= DIRECTIONS FOR THIS TASK =
Please repeat each line from the one holding "Navy Blue Modern" through the final line of the data, exactly as it stands, with no pictures.

= MATERIAL PROVIDED =
= = = = =

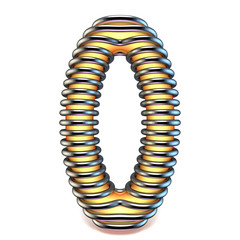 Orange yellow number 0 ZERO in metal cage 3D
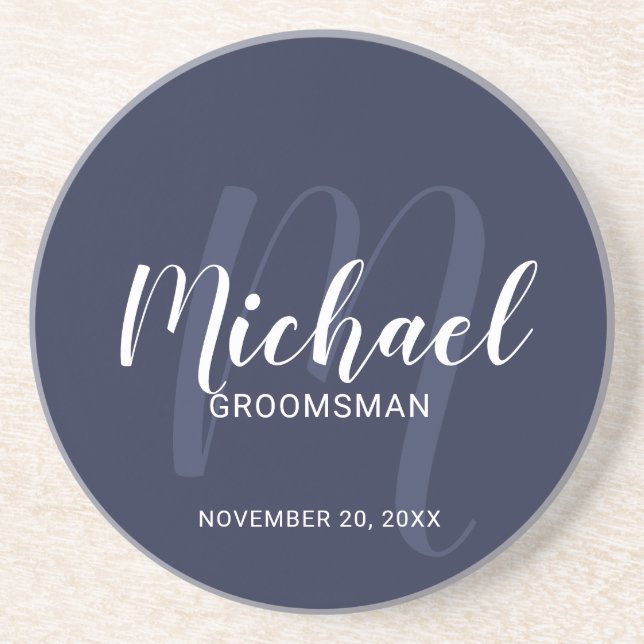 Navy Blue Modern Script Personalized Groomsmen Coaster (Front)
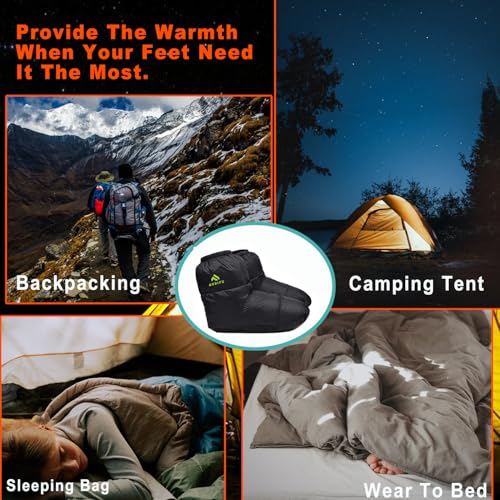 AUDIFU Down Booties Warm Socks Ultralight Sleeping Sock for Camping, Backpacking - Camp Sleeping Bag Tent Down Foot Warmer...
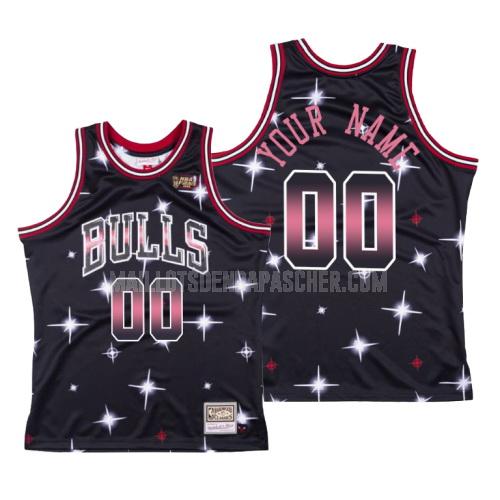 maillot nba homme de chicago bulls custom noir aérographe en tricot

= = = = =

= RESPONSE FOR THIS EXERCISE =
 Navy Blue Modern Script Personalized Groomsmen Coaster (Front)
 AUDIFU Down Booties Warm Socks Ultralight Sleeping Sock for Camping, Backpacking - Camp Sleeping Bag Tent Down Foot Warmer...
 maillot nba homme de chicago bulls custom noir aérographe en tricot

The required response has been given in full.